- Born: Late 2nd century
- Died: 222 AD
- Occupation: Charioteer
- Known for: Being a lover of the Roman emperor Elagabalus

= Hierocles (charioteer) =

Favourite and lover of Roman Emperor Elagabalus (died 222)

Hierocles (Ἱεροκλῆς, late 2nd century – 222 AD) was a favourite and lover of the Roman Emperor Elagabalus.

Most of the descriptions of his life are given by Cassius Dio and the Historia Augusta. Hierocles was from Caria in Anatolia, and was at some point enslaved, later becoming a charioteer in the service of Elagabalus. Initially, he was a lover and student of another charioteer named Gordius.

Elagabalus was said to have been captivated by the blond and youthful Hierocles when the athlete fell in front of him during a chariot race. The Emperor made him his lover and husband and, as a consequence, Hierocles was alleged to have gained significant political influence, allegedly having more power than the emperor himself.

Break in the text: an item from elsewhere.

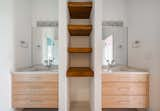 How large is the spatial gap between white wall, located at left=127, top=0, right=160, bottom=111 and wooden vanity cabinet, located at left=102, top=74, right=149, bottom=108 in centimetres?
15

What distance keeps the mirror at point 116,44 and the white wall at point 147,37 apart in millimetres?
118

Additionally, Hierocles' mother, a slave, was promoted to be equal among wives of ex-consuls. Hierocles is said to have drugged the athlete Aurelius Zoticus with a drug that "abated the other's manly prowess." After Zoticus was unable to secure an erection, Elagabalus had him exiled from Rome. This later saved the athlete's life as he was not executed with the members of the court in 222.

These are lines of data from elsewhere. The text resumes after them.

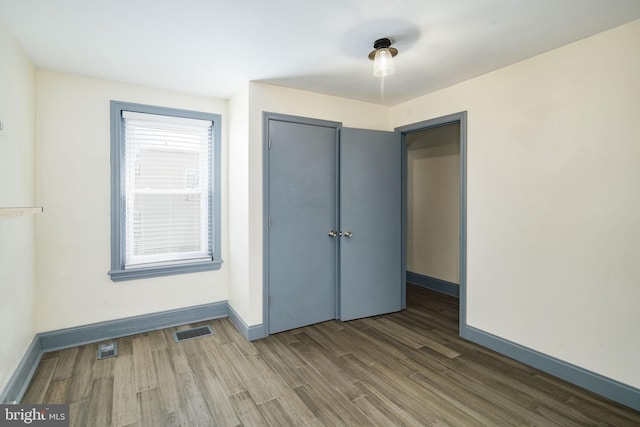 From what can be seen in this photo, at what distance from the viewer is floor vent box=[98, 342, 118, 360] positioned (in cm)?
264

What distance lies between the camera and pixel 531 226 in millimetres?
2492

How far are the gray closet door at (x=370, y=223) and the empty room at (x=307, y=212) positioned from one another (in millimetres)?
26

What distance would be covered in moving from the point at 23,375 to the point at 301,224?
2.38 metres

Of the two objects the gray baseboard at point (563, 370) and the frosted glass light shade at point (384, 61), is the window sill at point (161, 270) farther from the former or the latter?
the gray baseboard at point (563, 370)

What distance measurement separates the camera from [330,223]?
3.37m

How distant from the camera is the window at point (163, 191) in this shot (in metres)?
2.98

After Elagabalus granted Hierocles his freedom, he wanted Hierocles to be declared caesar, against the opposition of his grandmother, Julia Maesa. Allegedly, Elagabalus' partiality towards Hierocles, coupled with his eccentricities, such as delighting in being physically reprimanded by him, were the principal reasons he lost the support of the Praetorian Guard, which led to his death.

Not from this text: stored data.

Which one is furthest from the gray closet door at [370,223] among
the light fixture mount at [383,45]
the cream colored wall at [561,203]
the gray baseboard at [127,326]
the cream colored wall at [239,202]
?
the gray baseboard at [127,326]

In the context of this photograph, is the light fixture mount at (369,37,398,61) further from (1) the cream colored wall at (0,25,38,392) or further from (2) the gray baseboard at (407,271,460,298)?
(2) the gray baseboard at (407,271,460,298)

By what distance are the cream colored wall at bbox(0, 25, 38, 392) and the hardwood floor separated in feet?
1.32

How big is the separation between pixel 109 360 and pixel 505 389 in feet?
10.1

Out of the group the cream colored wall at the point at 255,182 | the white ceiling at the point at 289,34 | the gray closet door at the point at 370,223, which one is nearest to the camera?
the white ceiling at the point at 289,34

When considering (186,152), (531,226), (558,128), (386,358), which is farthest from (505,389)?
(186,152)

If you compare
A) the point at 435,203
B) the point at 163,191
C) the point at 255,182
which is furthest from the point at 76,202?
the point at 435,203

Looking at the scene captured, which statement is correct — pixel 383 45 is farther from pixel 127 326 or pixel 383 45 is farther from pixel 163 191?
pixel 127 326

Elagabalus, when threatened with death by the Praetorian Guard, reported to have said, "Grant me this one man, whatever you may have been pleased to suspect about him, or else slay me," in regards to Hierocles. This postponed his assassination to 222 AD, after which Hierocles and many other members of the emperor's court, including Elagabalus's mother Julia Soaemias, were also killed.